* **Required work**
With the pictures set aside, reproduce each entry precisely as it reads.

Crawled caption data:
##########
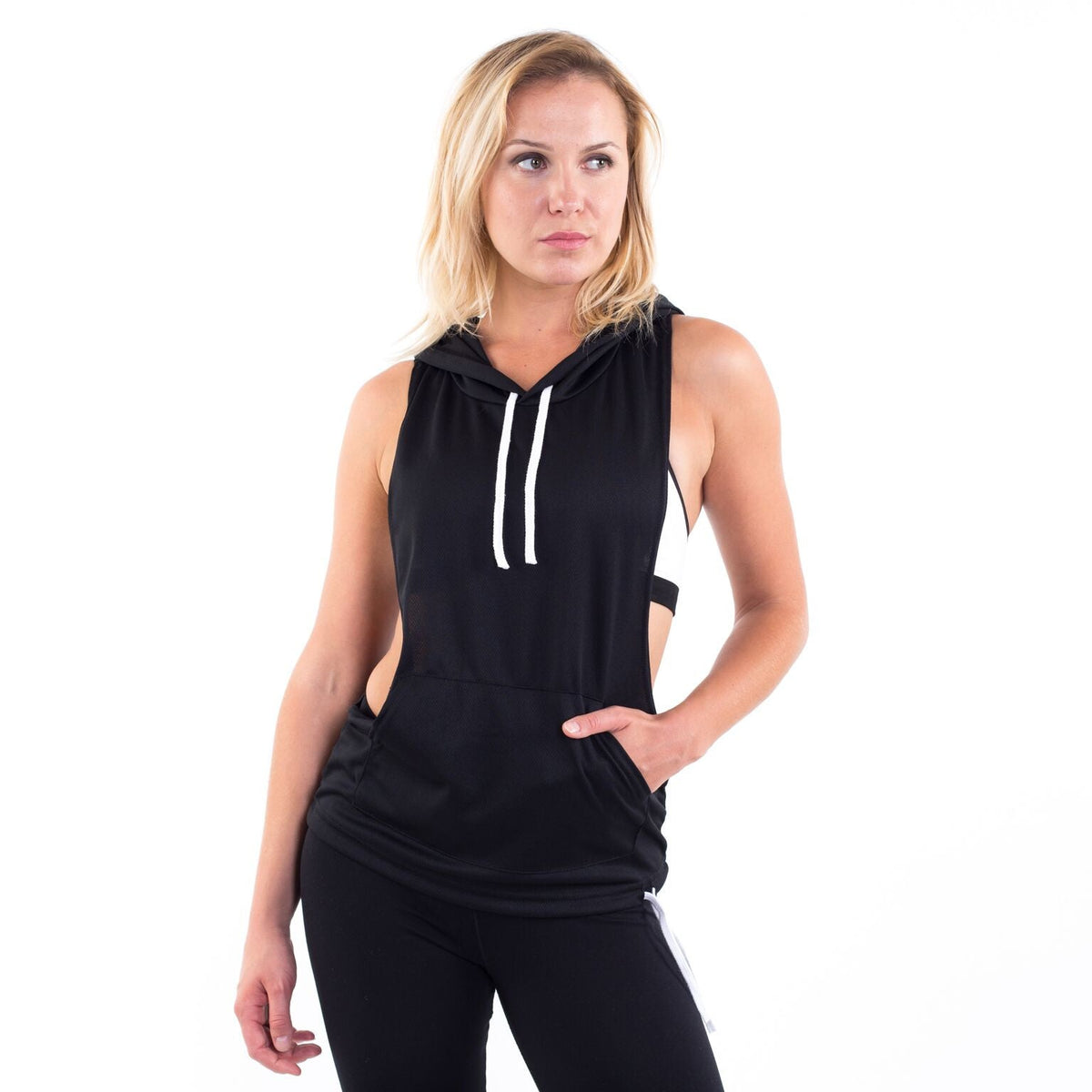 6014 - CLOSEOUT Women's Racerback Hoodie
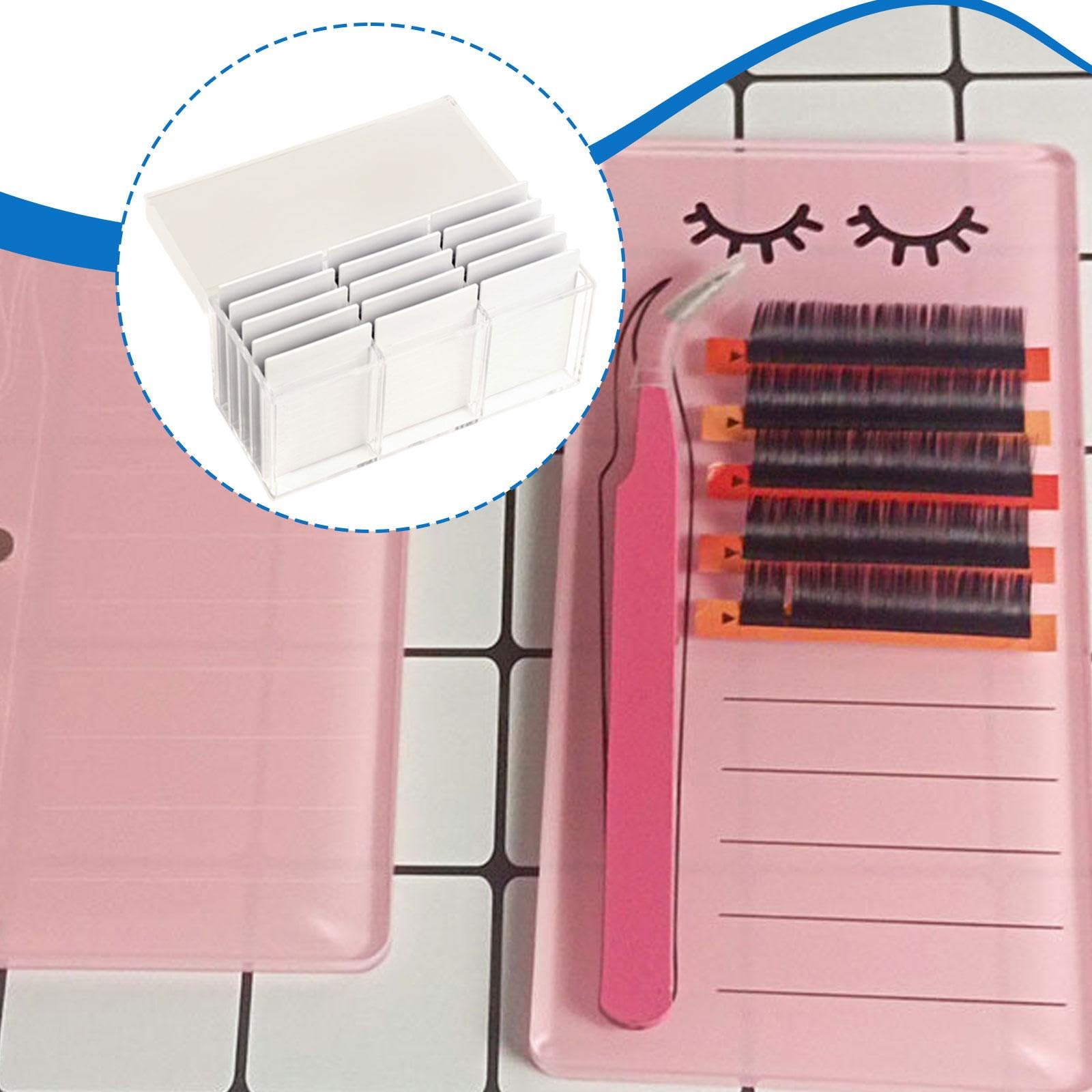 Boîte de Rangement pour Cils Support pour Outils de Greffe Porte-palette pour Cils Organisateur de Beauté Contenant à 15 Niveaux Robuste Adapté pour, Clair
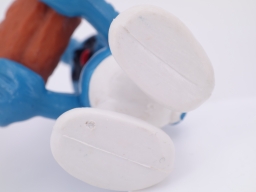 Schtroumpf avec hotdog - photo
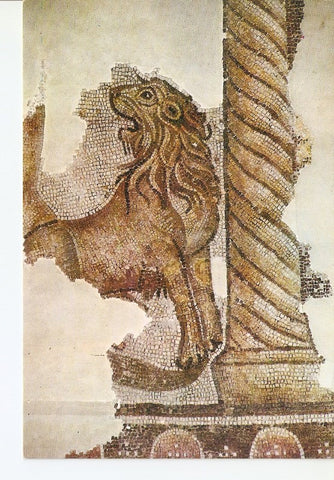 Postal 021688 : Daniel en la fosa de los leones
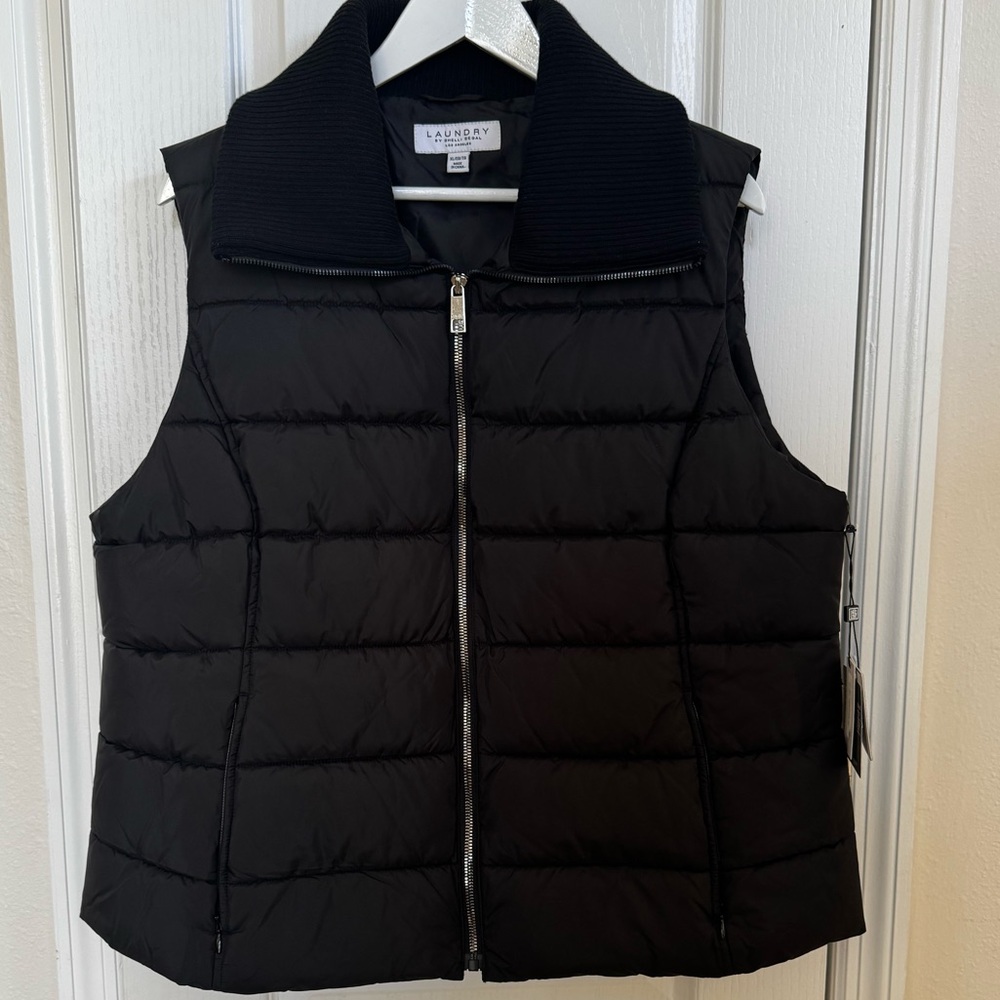 Laundry By Shelli Segal Women’s Puffer Vest Size XL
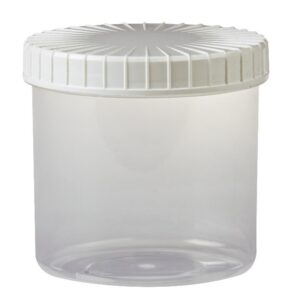 Tabletflacon OPTIPOT transparant PP 375ml inclusief PP schroefdeksel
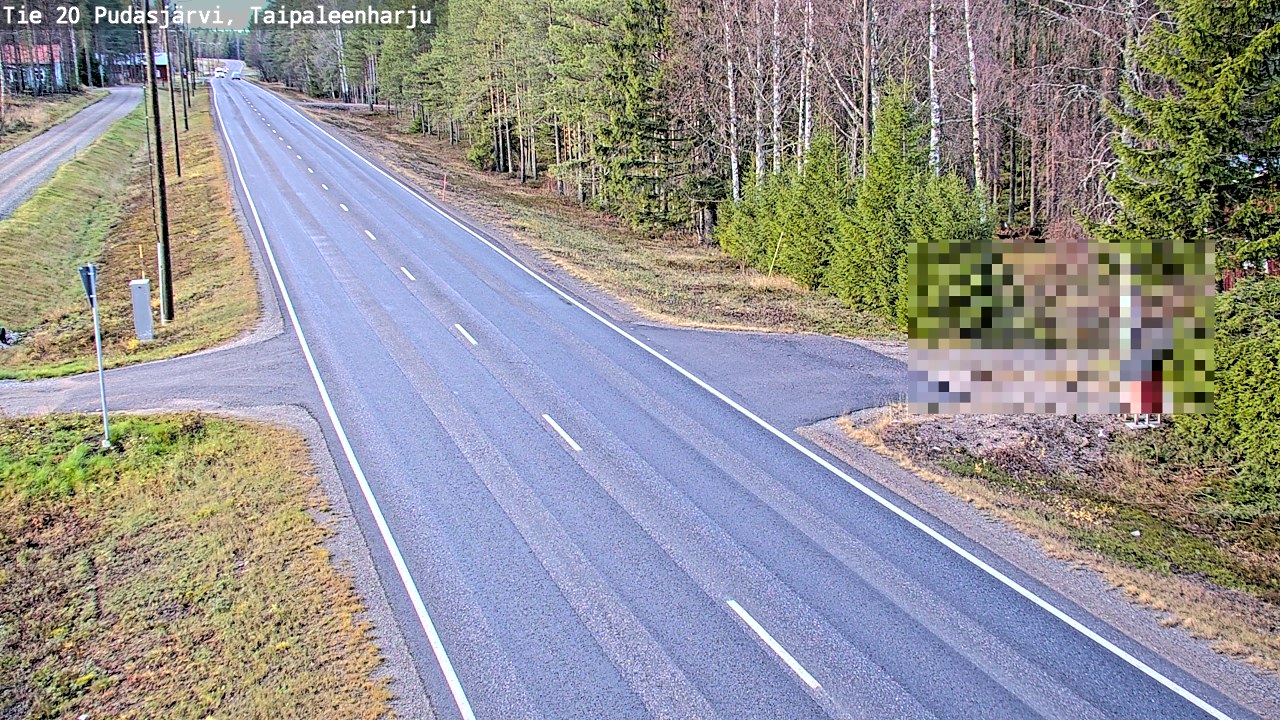 Kelikamerat Kuva Tie 20 Pudasjärvi, Taipaleenharju, Pudasjärvi, Pohjois-Pohjanmaa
##########
* **Task result**
 6014 - CLOSEOUT Women's Racerback Hoodie
 Boîte de Rangement pour Cils Support pour Outils de Greffe Porte-palette pour Cils Organisateur de Beauté Contenant à 15 Niveaux Robuste Adapté pour, Clair
 Schtroumpf avec hotdog - photo
 Postal 021688 : Daniel en la fosa de los leones
 Laundry By Shelli Segal Women’s Puffer Vest Size XL
 Tabletflacon OPTIPOT transparant PP 375ml inclusief PP schroefdeksel
 Kelikamerat Kuva Tie 20 Pudasjärvi, Taipaleenharju, Pudasjärvi, Pohjois-Pohjanmaa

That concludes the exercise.